Voor sommige werknemers kunt u tegemoetkomingen of subsidies krijgen, waardoor uw loonkosten lager worden. Bijvoorbeeld wanneer u een werkloze 56-plusser aanneemt. Lees op deze pagina meer over de verschillende subsidies en tegemoetkomingen.
Als u iemand met een uitkering aanneemt, krijgt u misschien 1 of meer loonkostenvoordelen (LKV). De hoogte van het LKV hangt af van de doelgroep en kan daardoor verschillen.
Er zijn 4 doelgroepen:
Voor het LKV heeft u altijd een doelgroepverklaring LVK nodig. Uw werknemer kan zelf de doelgroepverklaring LKV aanvragen bij UWV of u machtigen.
Met de doelgroepverklaring laat uw nieuwe werknemer zien dat hij in het doelgroepregister staat.
De aanvraag van het LKV regelt u bij de aangifte loonheffingen. Dat kan zodra u een doelgroepverklaring LKV van uw werknemer heeft. De Belastingdienst betaalt het LKV na afloop van het kalenderjaar automatisch aan u uit.

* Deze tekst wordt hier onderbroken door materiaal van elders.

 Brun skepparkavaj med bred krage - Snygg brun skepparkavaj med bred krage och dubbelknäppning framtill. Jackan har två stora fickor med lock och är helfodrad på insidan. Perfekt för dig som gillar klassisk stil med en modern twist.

Kijk in het Handboek Loonheffingen van de Belastingdienst bij 'Loonkostenvoordelen' of u recht heeft op loonkostenvoordeel.
Sinds 1 januari 2018 vervangt het LKV de premiekorting oudere werknemer en de premiekorting arbeidsgehandicapte werknemer. U kunt nog gebruikmaken van deze premiekorting voor de jaren vóór 2018, tot maximaal 5 jaar terug. In 2022 kunt u dus nog de premiekorting over het jaar 2017 toepassen.
Kijk voor meer informatie in het Handboek Loonheffingen van de Belastingdienst 2017 (pdf), hoofdstuk 5.8 (pagina 64).
Het lage-inkomensvoordeel (LIV) is een tegemoetkoming in uw loonkosten. U krijgt het LIV als uw werknemer op jaarbasis minstens 1.248 uur werkt en een gemiddeld uurloon heeft tussen 100% en 125% van het minimumloon. Deze tegemoetkoming maakt het voor werknemers met een laag loon makkelijker om werk te vinden.
De Belastingdienst betaalt het LIV na afloop van het kalenderjaar automatisch aan u uit. Lees meer over het LIV bij 'Loonkostenvoordelen' in het Handboek Loonheffingen van de Belastingdienst.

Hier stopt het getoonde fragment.